Legal theory of finance
The Journal of Comparative Economics (subscription required) has a special issue on Law in Finance (The CLS Blue Sky Blog has a series of posts summarizing and commenting about this work – see here, here and here). The lead paper in the special issue by Katharina Pistor presents what she calls the Legal Theory of Finance (LTF); the other papers are case studies of different aspects of this research programme.
Most finance researchers are aware of the Law and Finance literature (La Porta, Shleifer, Vishny and a host of others), but Pistor argues that “Law & Finance is ... a theory for good times in finance, not one for bad times.” She argues that though finance contracts may appear to be clear and rigid, they are in reality in the nature of incomplete contracts because of imperfect knowledge and inherent uncertainty. When tail events materialize, it is desirable to rewrite the contracts ex post. This can be done in two ways: first by the taxpayer bailing out the losers, or by an elastic interpretation of the law.
One of the shrill claims of the LTF is that legal enforcement is much more elastic at the centre while being quite rigid at the periphery. Bail out is also more likely at the centre. I do not see anything novel in this observation which should be obvious to anybody who has not forgotten the first word of the phrase “political economy”. It should also be obvious to anybody who has read Shakespeare’s great play about finance (The Merchant of Venice), and noted how differently the law was applied to Jews and Gentiles. It has also been all too visible throughout the global financial crisis and now in the eurozone crisis.
Another persistent claim is that all finance requires the backstop of the sovereign state which is the sole issuer of paper money. This is in some sense true of most countries for the last hundred years or so though I must point out that the few financial markets that one finds in Somalia or Zimbabwe function only because they are not dependent on the state. The LTF claim on the primacy of the state was certainly not true historically. Until the financial revolution in the Holland and later England, merchants were historically more credit worthy than sovereigns.
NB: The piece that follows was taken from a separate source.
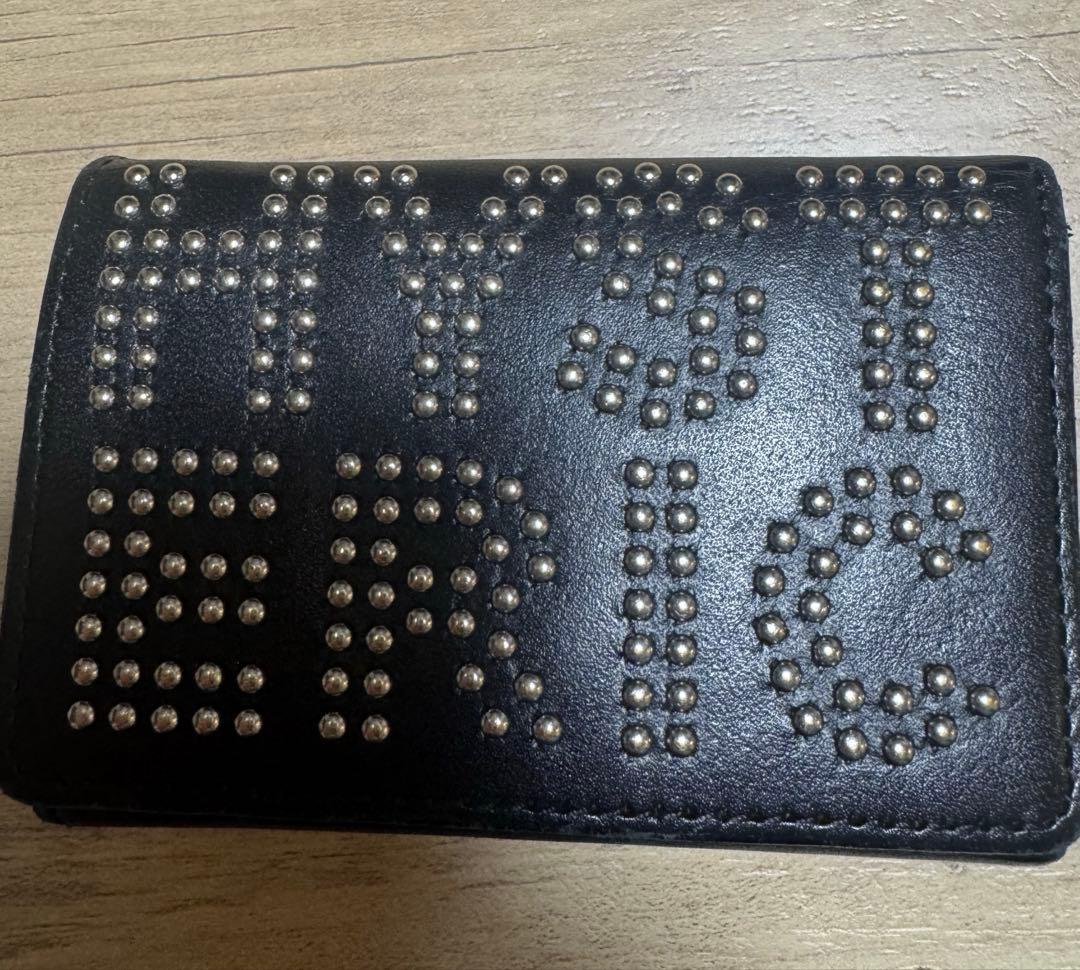 HYSTERIC GLAMOUR 三つ折り財布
Bankers bailed out the state and not the other way around.
Most of the case studies in the special issue do not seem to be empirically grounded in the way that we have come to expect in modern finance. I was not expecting any fancy econometrics, but I did expect to see the kind of rich detail that I have seen in the sociology of finance literature. The only exception was the paper by Akos Rona-Tas and Alya Guseva on “Information and consumer credit in Central and Eastern Europe”. I learned a lot from this paper and will probably blog about it some day, but it seemed to be only tangentially about the LTF.